Assigned task » The data below should be printed in full, exactly, and without any of its images.

Provided records »
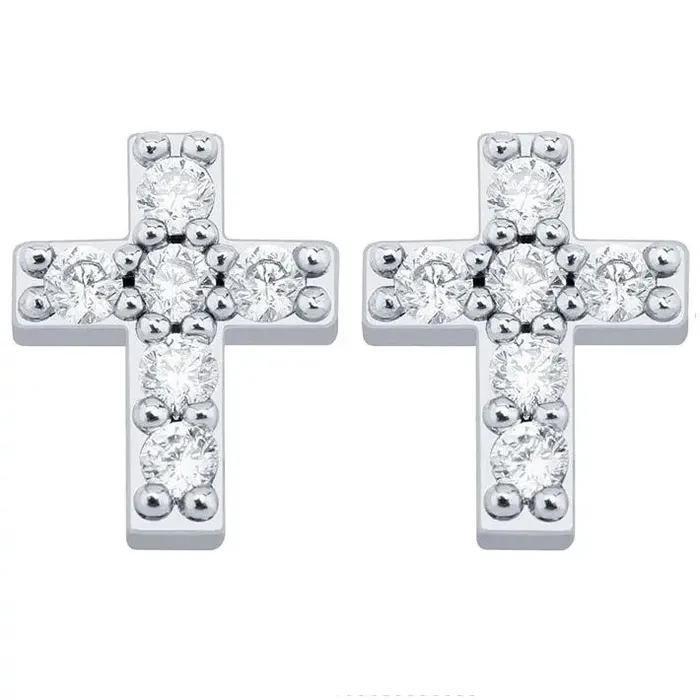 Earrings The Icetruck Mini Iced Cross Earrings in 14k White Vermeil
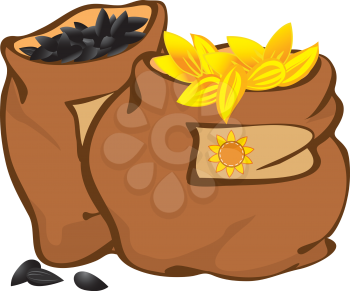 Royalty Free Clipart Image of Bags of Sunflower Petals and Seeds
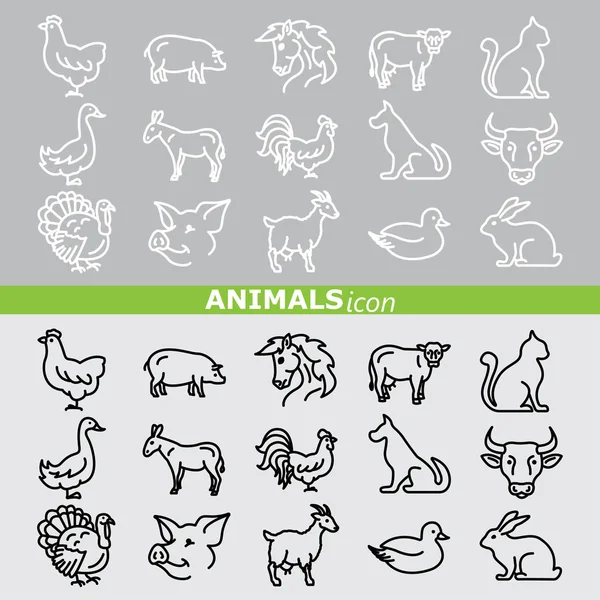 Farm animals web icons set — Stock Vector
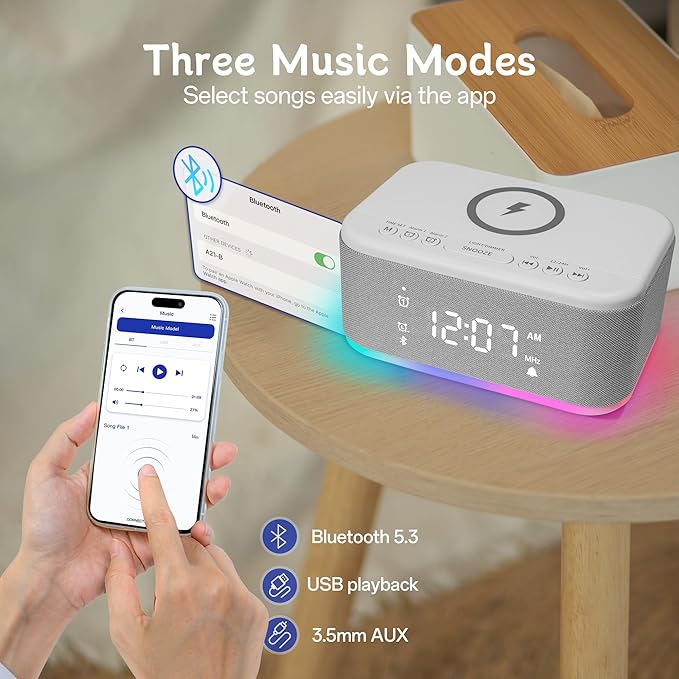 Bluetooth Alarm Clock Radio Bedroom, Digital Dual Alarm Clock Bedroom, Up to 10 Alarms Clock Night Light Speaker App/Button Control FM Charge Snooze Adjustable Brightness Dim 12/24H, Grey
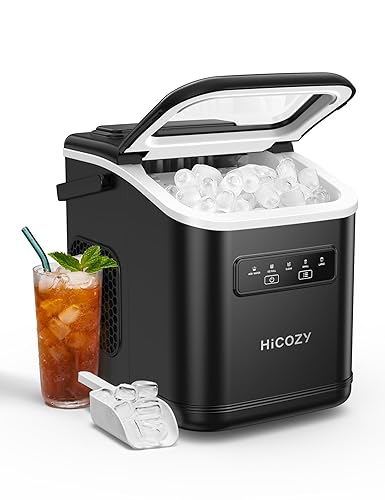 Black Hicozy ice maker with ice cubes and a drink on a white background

Result »
 Earrings The Icetruck Mini Iced Cross Earrings in 14k White Vermeil
 Royalty Free Clipart Image of Bags of Sunflower Petals and Seeds
 Farm animals web icons set — Stock Vector
 Bluetooth Alarm Clock Radio Bedroom, Digital Dual Alarm Clock Bedroom, Up to 10 Alarms Clock Night Light Speaker App/Button Control FM Charge Snooze Adjustable Brightness Dim 12/24H, Grey
 Black Hicozy ice maker with ice cubes and a drink on a white background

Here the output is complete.